• [Task description]
The pictures must be left out, while the rest of the data is copied exactly.

• [Information supplied]
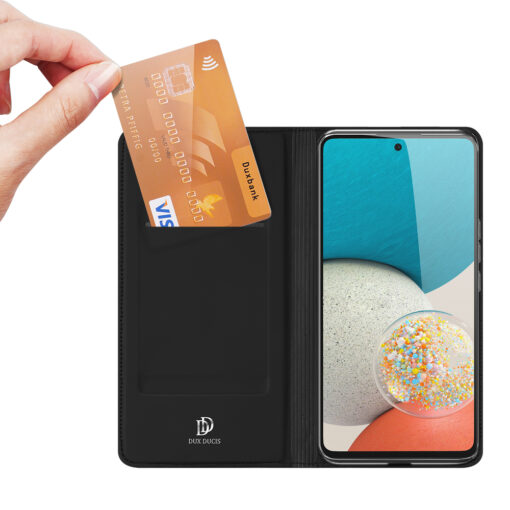 Samsung A53 5G kaaned kaarditaskuga kunstnahaga DUX DUCIS Skin PRO must 1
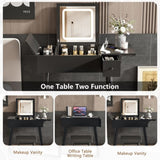 27.9'' Black Makeup Vanity Desk with Flip Top Mirror and LED Light, Dressing Table with Charging N704P210491B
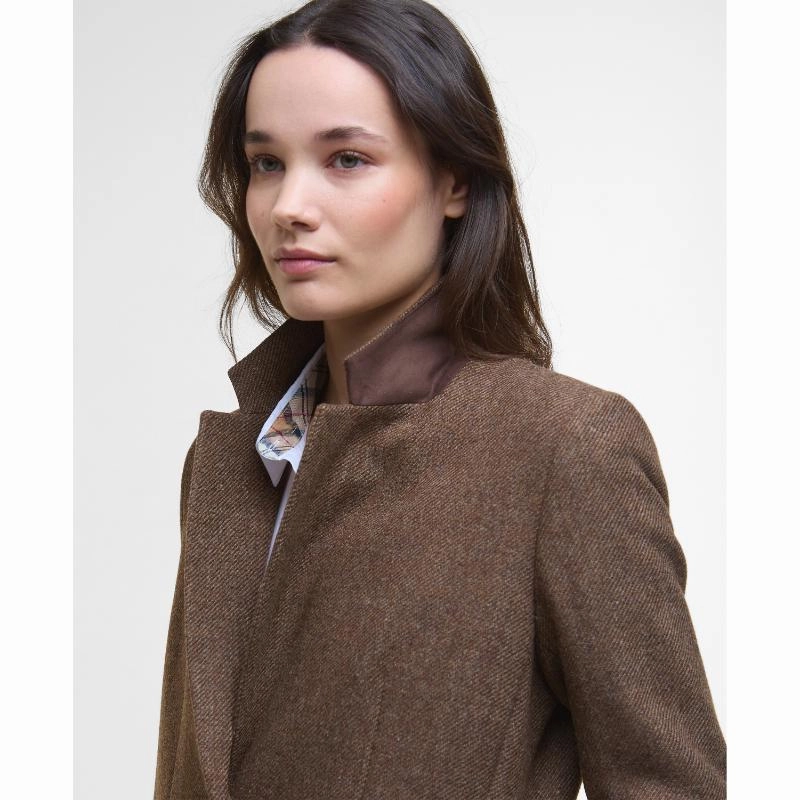 Today Only Savings Deal Frenzy Today Barbour Elm Ladies Tailored Jacket - Military Brown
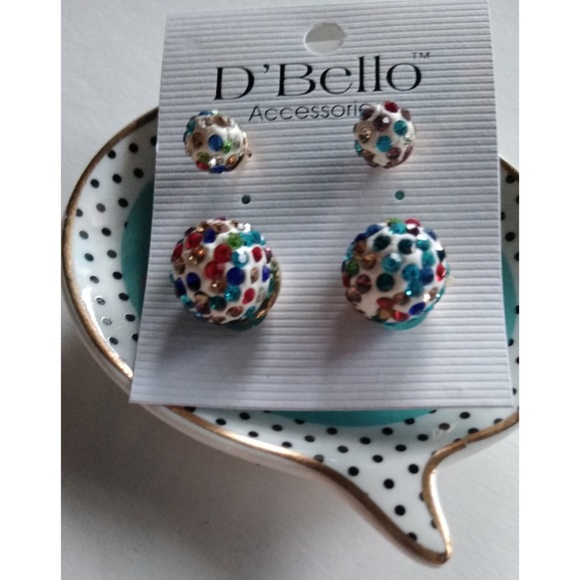 D' Bello Jewelry - Double Ball Crystal Earrings Multi Color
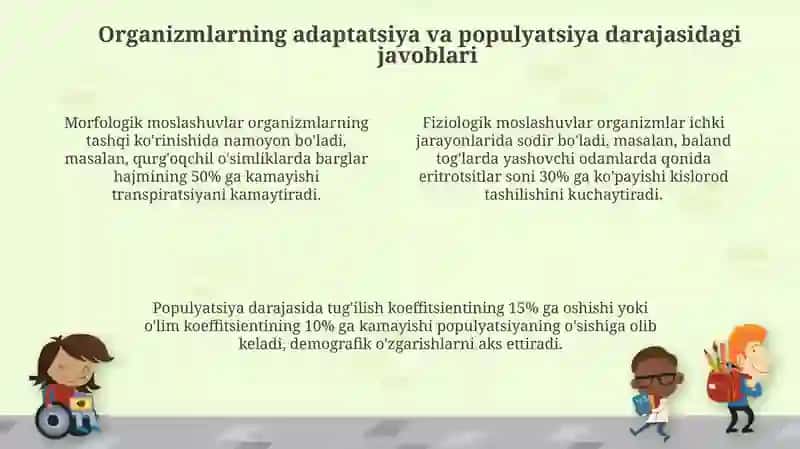 Turli ekologik omillarning tirik organizmlarga taʼsir etish mexanizmlari 4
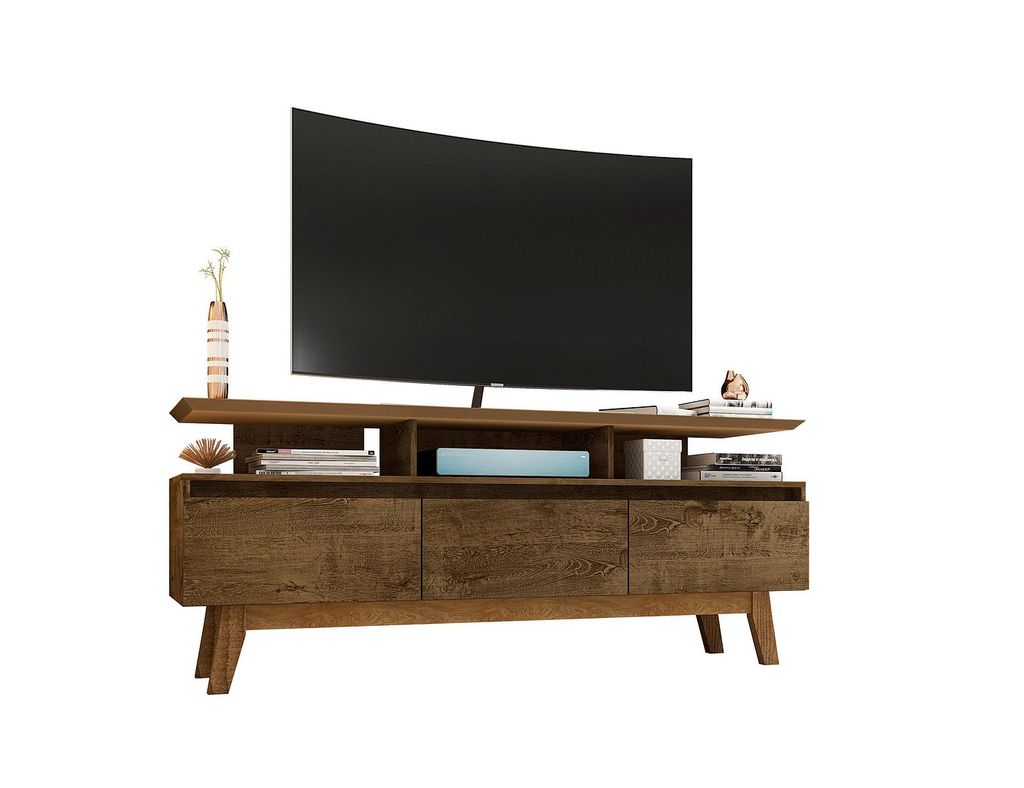 Yonkers 62.99 Tv Stand With Solid Wood Legs And 6 Media And Storage Compartments In Rustic Brown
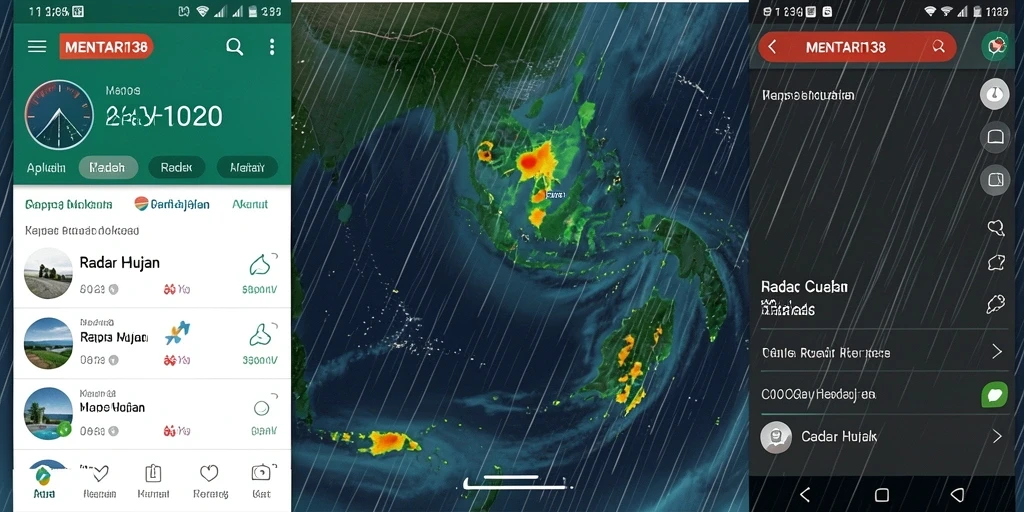Tampilan antarmuka MENTARI138 yang menampilkan radar hujan dan informasi cuaca lainnya.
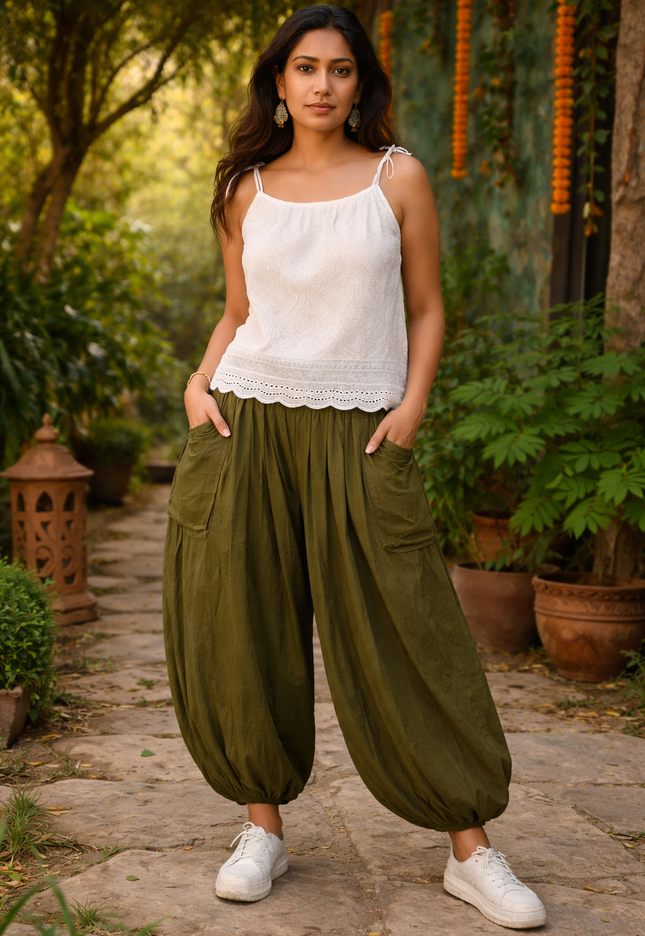 Nomad Balloon Pants & Embroidered Top Combo Set -Green and White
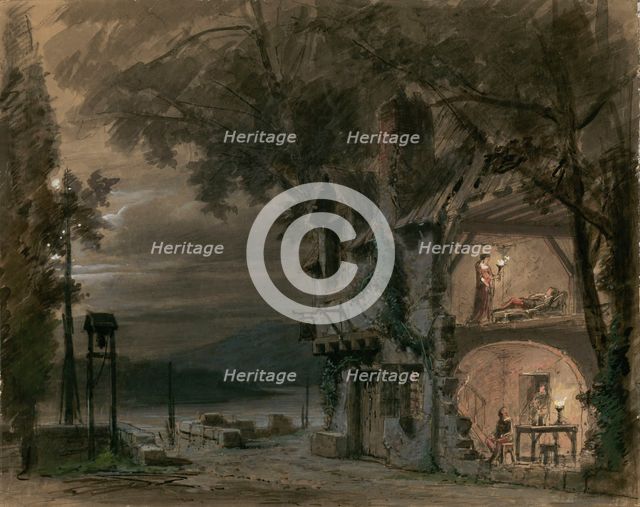 Set design for opera Rigoletto by Giuseppe Verdi. Paris, Théâtre national de l'Opéra, 1885.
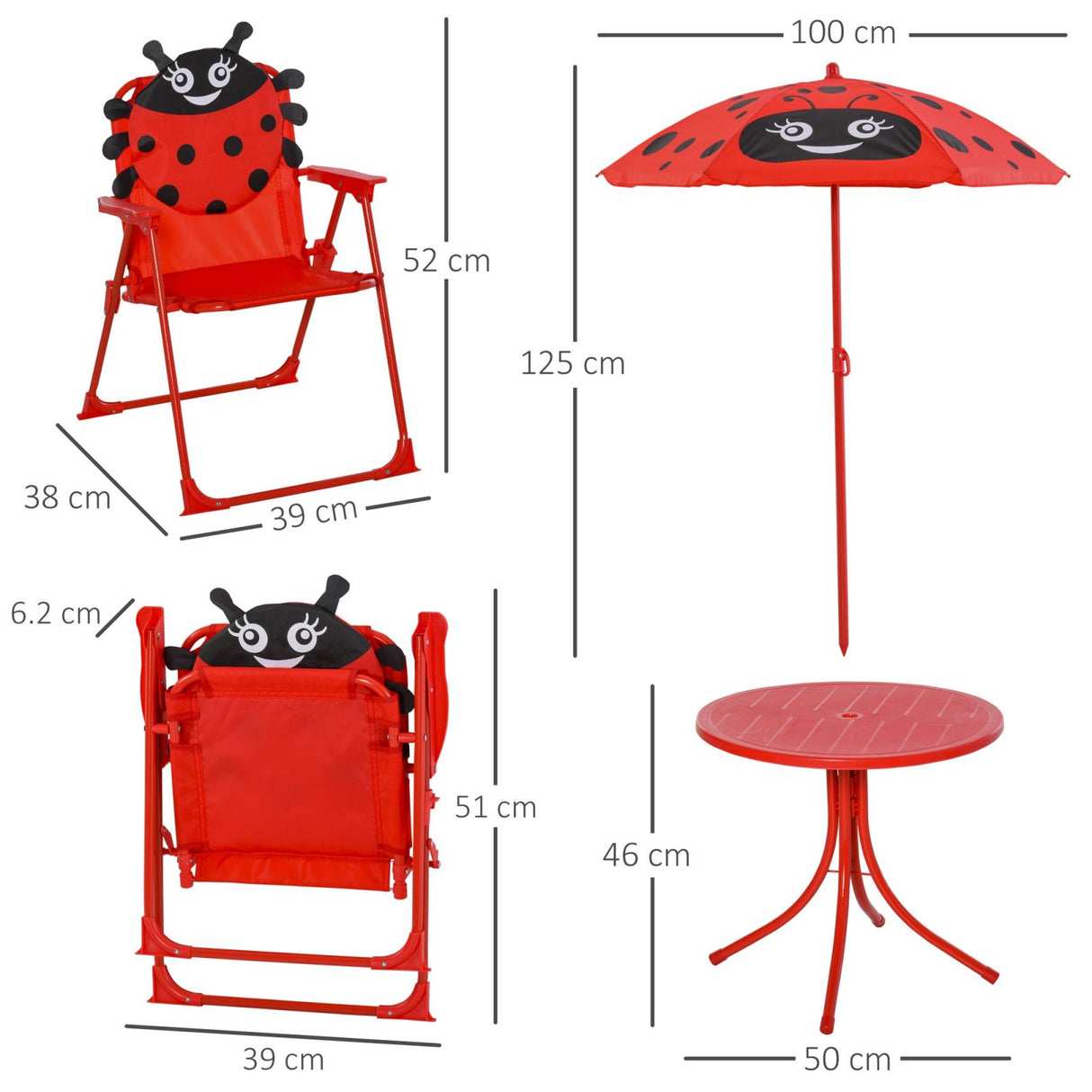 easycomfort easycomfort set tavolo da giardino con 2 sedie pieghevoli e ombrellone per bambini coccinella
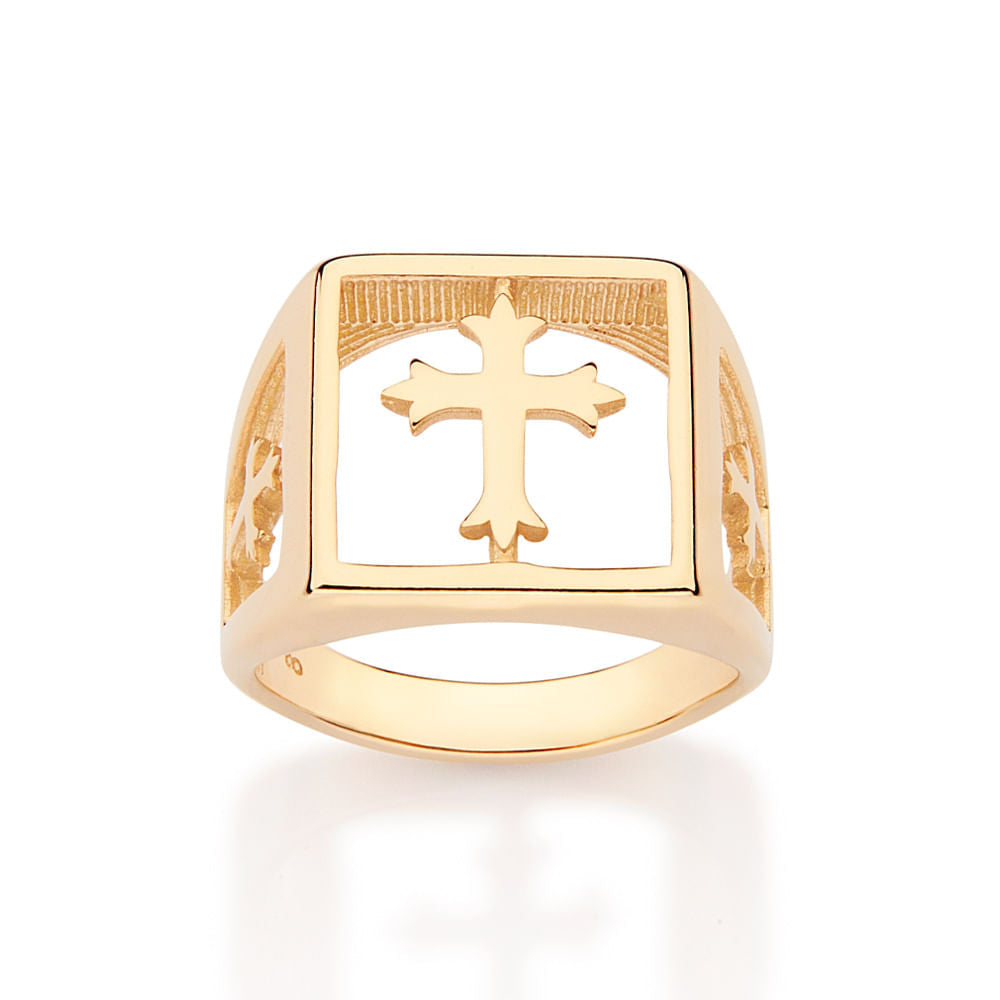 Maxi Anel Chevalier Vazado Com Cruz Banhado a Ouro 18k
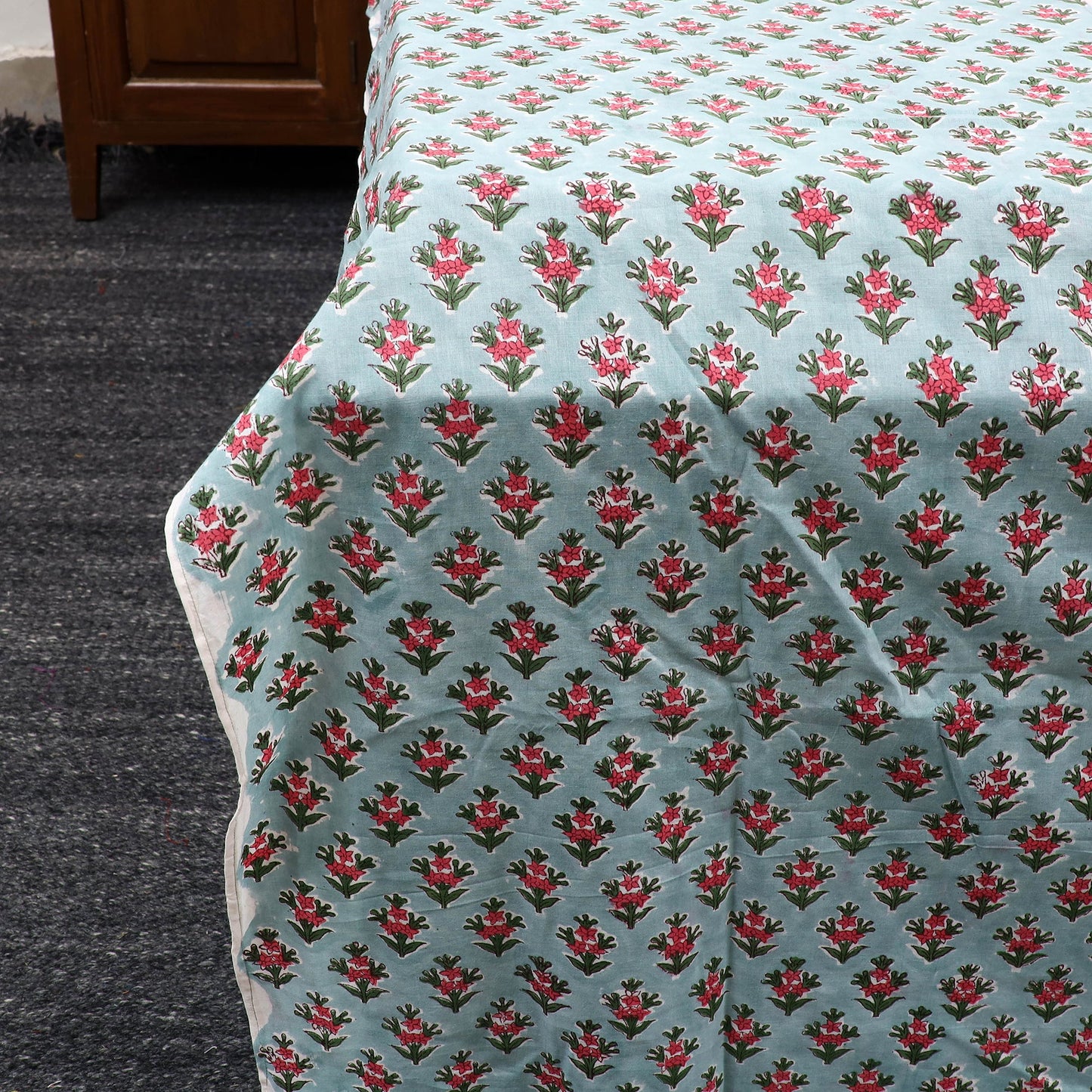 Buy Sanganeri Print Cotton Patchwork Bedsheet Set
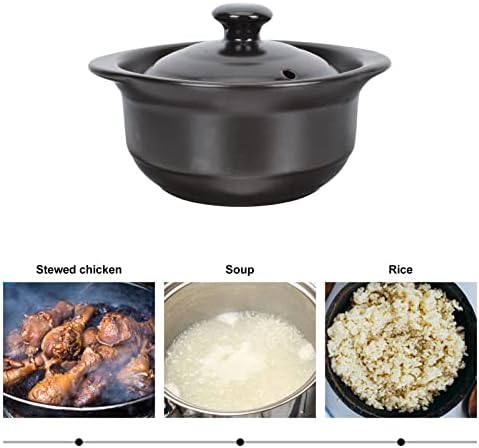 Cabilock Clay Cooking Pot with Lid Casserole Stew Pan Steaming Stock Pot Heat- resistant for Braised Chicken Rice Claypot Cooking Soup Cookware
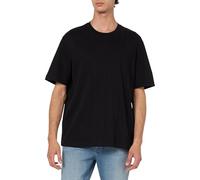 Armani Exchange Jacquard Grid with Vertical Stacked AX Logos Oversized Fit Tee T-Shirt, Nero, L Uomo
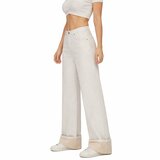 Licht beige wide-leg jeans met subtiele flare_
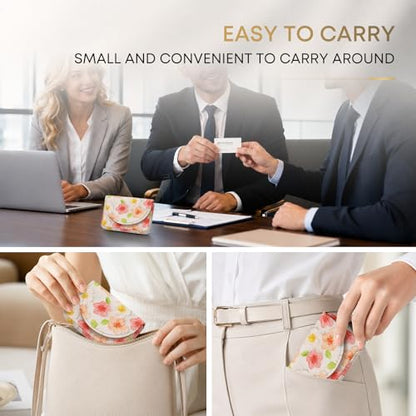 Business Card Holder，PU Leather Business Card Case Wallet Flowers | Pocket Travel Name Card Case for Men and Women Gift，Portable Magnetic Business Card Carrier for Purse - color: Flowers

• [Answer area]
 Samsung A53 5G kaaned kaarditaskuga kunstnahaga DUX DUCIS Skin PRO must 1
 27.9'' Black Makeup Vanity Desk with Flip Top Mirror and LED Light, Dressing Table with Charging N704P210491B
 Today Only Savings Deal Frenzy Today Barbour Elm Ladies Tailored Jacket - Military Brown
 D' Bello Jewelry - Double Ball Crystal Earrings Multi Color
 Turli ekologik omillarning tirik organizmlarga taʼsir etish mexanizmlari 4
 Yonkers 62.99 Tv Stand With Solid Wood Legs And 6 Media And Storage Compartments In Rustic Brown
Tampilan antarmuka MENTARI138 yang menampilkan radar hujan dan informasi cuaca lainnya.
 Nomad Balloon Pants & Embroidered Top Combo Set -Green and White
 Set design for opera Rigoletto by Giuseppe Verdi. Paris, Théâtre national de l'Opéra, 1885.
 easycomfort easycomfort set tavolo da giardino con 2 sedie pieghevoli e ombrellone per bambini coccinella
 Maxi Anel Chevalier Vazado Com Cruz Banhado a Ouro 18k
 Buy Sanganeri Print Cotton Patchwork Bedsheet Set
 Cabilock Clay Cooking Pot with Lid Casserole Stew Pan Steaming Stock Pot Heat- resistant for Braised Chicken Rice Claypot Cooking Soup Cookware
 Armani Exchange Jacquard Grid with Vertical Stacked AX Logos Oversized Fit Tee T-Shirt, Nero, L Uomo
 Licht beige wide-leg jeans met subtiele flare_
 Business Card Holder，PU Leather Business Card Case Wallet Flowers | Pocket Travel Name Card Case for Men and Women Gift，Portable Magnetic Business Card Carrier for Purse - color: Flowers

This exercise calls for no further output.